Comparação com 2019. Se comparamos esta sondagem com as sondagens feitas em 2019, igualmente a três semanas das eleições, há dados interessantes. Para isso, apoio-me na Poll of Polls do site europeu do jornal online Político, que pega, não numa sondagem, mas na ponderação das várias sondagens que são conhecidas em cada país. Vejamos, então, o que nos diz a comparação das sondagens em Portugal a três semanas das eleições de 2019 e a três semanas das eleições de 2022 (os últimos dados agregados do Político ainda não incluem o estudo de sábado do Público, mas os dois resultados coincidem quase totalmente).

  • PS estagnado nos 38%
  • Forte crescimento do PSD, que em 2019 estava nos 24% (acabou por ter 27% nas eleições, e as sondagens foram dando conta desse crescimento)
  • Erosão do espaço à esquerda do PS, sobretudo com a queda do BE (estava nos 10% em 2019)
  • Grande recomposição do território à direita do PSD: eclipse do CDS (tinha 5% de intenções de voto a três semanas das legislativas de 2019), e Chega e Iniciativa Liberal com crescimento meteórico.

 

Consequências. Estes rearranjos têm consequências na correlação de forças entre esquerda e direita: 

  • a três semanas das eleições de 2019, a esquerda toda junta (somando-lhe também o PAN), valia 59%; hoje, vale 53%, segundo o Público;
  • a direita, que valia 31% em 2019, subiu agora para os 44% na sondagem do Público (ou 43% na ponderação do Politico);
  • conclusão: a esquerda continua a segurar a maioria absoluta das intenções de voto (fica acima dos 50% com ou sem PAN, o tal partido que pode oscilar para um bloco ou para o outro). 
  • A direita toda junta subiu 13 pontos percentuais - graças ao crescimento exponencial da IL e do Chega, mas também do PSD; neste lado do espetro político só o CDS está em queda.
  • A esquerda toda junta perdeu 7 pontos percentuais, mais de metade por responsabilidade do BE, mas também com desgaste do PCP.

 

Regresso do bloco central. Numa eleição fortemente bipolarizada, sobretudo no apelo de António Costa ao voto útil da esquerda, as sondagens indicam que o peso do chamado bloco central pode voltar a crescer. O estudo de intenções de voto do Público dá 70% à soma de PS mais PSD. Ou seja, acima do que aconteceu nas legislativas de 2009, 2011, 2015 e 2019. 

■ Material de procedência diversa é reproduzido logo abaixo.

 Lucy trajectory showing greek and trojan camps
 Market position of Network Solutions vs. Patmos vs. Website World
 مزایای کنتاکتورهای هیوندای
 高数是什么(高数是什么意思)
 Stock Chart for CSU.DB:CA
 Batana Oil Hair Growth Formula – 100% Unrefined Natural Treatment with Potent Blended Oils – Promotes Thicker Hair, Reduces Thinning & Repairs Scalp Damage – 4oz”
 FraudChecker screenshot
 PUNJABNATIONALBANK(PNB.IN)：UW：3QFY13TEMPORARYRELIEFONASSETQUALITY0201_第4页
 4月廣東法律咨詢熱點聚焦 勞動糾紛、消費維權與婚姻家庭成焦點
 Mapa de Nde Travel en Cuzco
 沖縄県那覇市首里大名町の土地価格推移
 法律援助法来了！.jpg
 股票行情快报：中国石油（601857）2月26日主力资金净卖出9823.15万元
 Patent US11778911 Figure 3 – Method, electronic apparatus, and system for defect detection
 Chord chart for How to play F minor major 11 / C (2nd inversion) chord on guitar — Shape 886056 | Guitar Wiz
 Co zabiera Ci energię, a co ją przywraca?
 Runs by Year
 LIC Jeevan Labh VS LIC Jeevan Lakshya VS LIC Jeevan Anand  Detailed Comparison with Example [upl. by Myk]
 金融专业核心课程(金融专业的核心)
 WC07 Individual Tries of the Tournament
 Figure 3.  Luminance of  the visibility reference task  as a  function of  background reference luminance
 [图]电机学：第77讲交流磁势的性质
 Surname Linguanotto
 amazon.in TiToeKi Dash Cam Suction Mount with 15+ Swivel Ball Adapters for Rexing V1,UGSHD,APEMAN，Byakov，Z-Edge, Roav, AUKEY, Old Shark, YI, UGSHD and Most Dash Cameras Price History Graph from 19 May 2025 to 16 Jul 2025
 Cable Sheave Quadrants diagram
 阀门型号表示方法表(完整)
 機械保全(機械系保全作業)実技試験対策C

Os dois grandes partidos do sistema receberam 64,1% dos votos em 2019. Foi um dos piores desempenhos eleitorais de sempre bloco central. Só por três vezes a soma dos dois partidos do “centrão” ficou abaixo desse valor, e isso aconteceu sempre na primeira década da nossa democracia, antes das maiorias absolutas de Cavaco Silva, que marcaram um antes e um depois na nossa história eleitoral, retirando peso aos partidos à esquerda e à direita dos dois grandes.

As notícias da morte do “centrão” talvez tenham sido precipitadas, apesar do aparecimento de novas forças políticas com representação parlamentar, sobretudo à direita. 

 

Rio não bipolariza. Sublinho “sobretudo à direita”, porque tem sido notória a dificuldade de Rui Rio em bipolarizar o seu eleitorado potencial. Segundo as sondagens, o crescimento do PSD é inferior ao crescimento acumulado do Chega e da IL, o que indicia que não há bipolarização deste lado. De resto, no debate com Francisco Rodrigues dos Santos, viu-se Rio a “recomendar” o voto no CDS como segunda opção para o eleitorado não socialista. E também foram claras as dificuldades de Rio no embate com André Ventura, sem capacidade de lhe fazer frente para secar a eventual fuga de eleitores para o novo partido de direita populista. É como se Rio contasse mais com os outros partidos do que com o seu para uma eventual maioria de direita, confiante de que o PSD será sempre a força liderante desse espaço - porém, tudo indica que não está a ser a força liderante no crescimento desse espaço.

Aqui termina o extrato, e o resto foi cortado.